Партийные органы — курсовые, факультетские — должны были сформулировать отношение ко мне. И все оказались в очень трудном положении, тем более трудном, чем больше те или иные люди кричали, махали руками и доказывали, что меня надо убрать, исключить и т.д. Надо было как-то определяться. И вот тут я впервые в своей жизни столкнулся с формулой: дело не в том, что я говорил, а дело в том, когда я это говорил — своевременно или не своевременно. Мне впервые начали объяснять совершенно очевидную для меня сейчас истину, что прав всегда тот, кто колеблется вместе с линией партии, а тот, кто опережает эти колебания — в какую бы сторону он не отклонялся, — тот не прав.
Это было сформулировано очень четко, и, может быть, Коля, именно с этого момента возникает проблема социологии, социологического аспекта наших работ в Московском методологическом кружке. До этого я читал работы 20-х годов по социологии, но это еще один пример того, что просто чтение не дает реального побудительного мотива для деятельности: оно остается в сфере мышления, т.е. чего-то иного.
А тут я впервые вынужден был задуматься над социальной практикой нашей собственной жизни. Начались как бы первые серьезные уроки, и с этого момента, т.е. с 1948-го года, эта сторона коллективности, социальности, социализированности становится для меня предметом размышлений, можно даже сказать, постоянных размышлений; хотя содержание их постоянно менялось, оставался социальный момент — точнее, проблема принадлежности человека к социальной организации, его поведения в социальной организации.
Но это был самый трудный момент, поскольку в том марксизме, который мы все изучали, на самом деле социологии не было. Когда сейчас говорят, что Марксова теория представляет собой социологию деятельностного материализма, то говорят в общем-то глупости: в марксизме нет никакой социологии и никогда ее не было.
Исторический материализм не есть социология, поскольку исторический материализм практически никогда не затрагивал проблемы социальной организации. Марксизм создавал социальные организации, вся его идеологии и философия была направлена на создание социальных организаций. Но это обсуждалось как проблема партии — партии и народа, партии и идеологии, самой передовой партии и профсоюзов, скажем, как приводных ремней, человека и партии, т.е. обязанностей члена партии, его целей, назначения и функций, — и, будучи в общем-то каким-то моментом социологии в широком смысле слова, отнюдь не выводило к постановке вопроса о социальных аспектах жизни человека. И эта самоочевидная вещь, которую все граждане Советского Союза познавали на собственной шкуре, а именно принадлежность к социальной организации определенного типа, эта сторона дела никогда не выводилась на уровень обсуждения, осознания, осмысления и понимания.
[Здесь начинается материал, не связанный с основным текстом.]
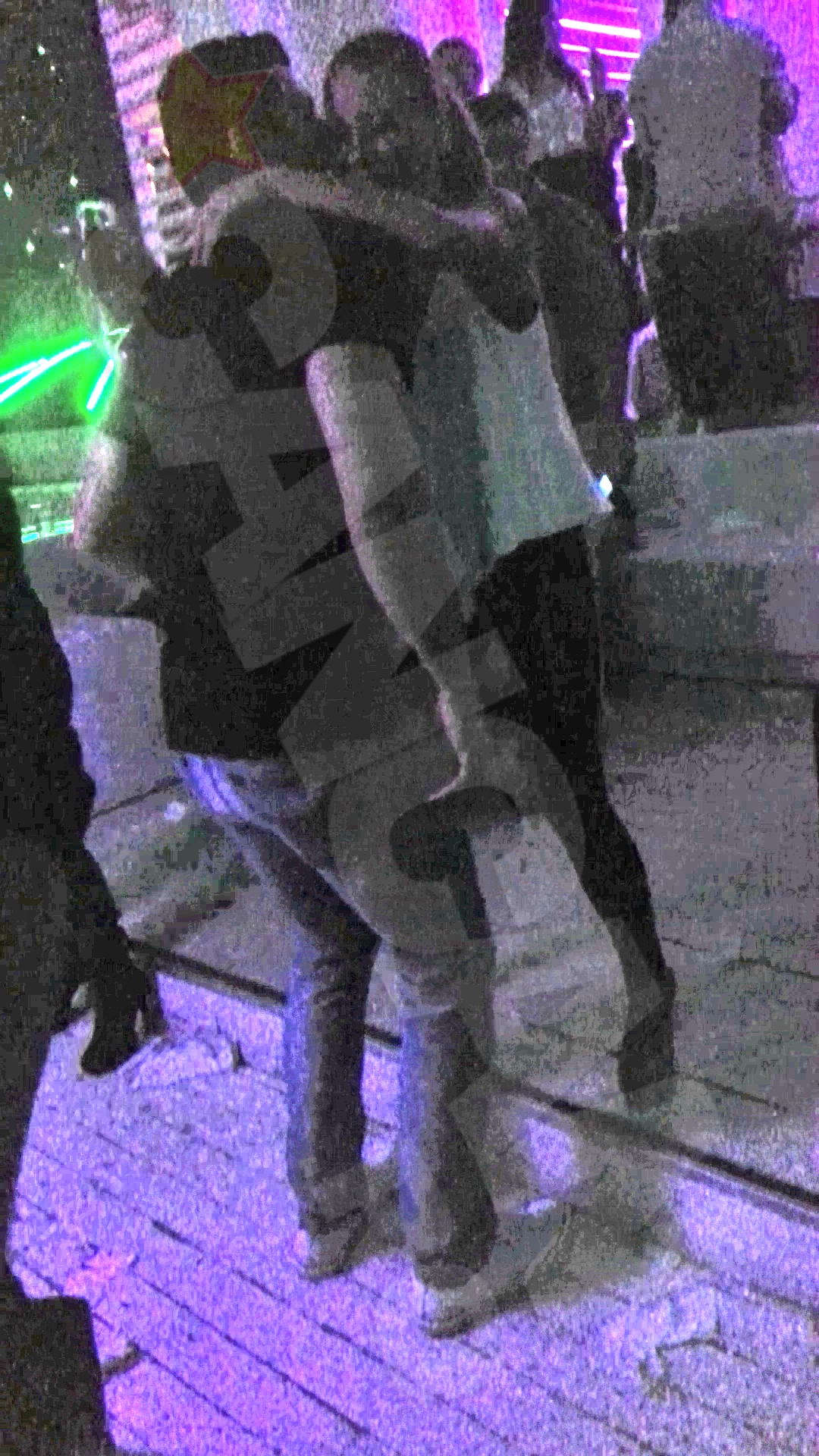 Cei doi au vorbit foarte mult, Ana fiind mai mereu cu zambetul pe buze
Между тем, люди могут сколько угодно сталкиваться с социальной организацией, но они никогда не поймут и не могут этого понять, пока эти конфликты не будут выведены на уровень знакового изображения и знаковой фиксации. Поскольку понимать вообще можно только то, что выражено в знаках, и мир становится предметом такого специального понимающего осознания лишь в той мере, в какой он выражен в знаках, — через свою фиксированность в знаковых формах.
Понять нечто в реальности, в реальной ситуации нельзя в принципе — в силу устройства функции понимания: она не для этого сделана, не для этого возникла. Понять можно только некое знаковое изображение. А поэтому, повторяю, ни я, ни любой другой, сколько бы ни била нас жизнь и какие бы уроки мы ни получали в результате своих ошибок поведения в социальной организации, мы понять ничего не можем, можем только приспособиться, научиться вести себя так, что бить нас не будут. И отсюда вытекала проблема — но я шел к ней очень медленно — теоретического изображения всего этого в схемах.
Мое персональное дело было прекращено уже на последней стадии. Две инстанции меня исключили из комсомола, а факультетское бюро прекратило обсуждение этого дела и решило, что ничего и не было. Мне объяснили, в чем я не прав, и я в первый раз спасся совершенно неожиданным образом от, по-видимому, весьма ощутимого удара.
Я не останавливаюсь сейчас на всех обстоятельствах и фактах моей жизни и поведения моих товарищей, ибо это не имеет отношения к собственно делу, хотя там было много интересного и весьма поучительного (скажем, отношения с тем же Мароном). Я обо всем этом больше рассказывать не буду, существенно лишь, что все это повлияло на мое дальнейшее развитие.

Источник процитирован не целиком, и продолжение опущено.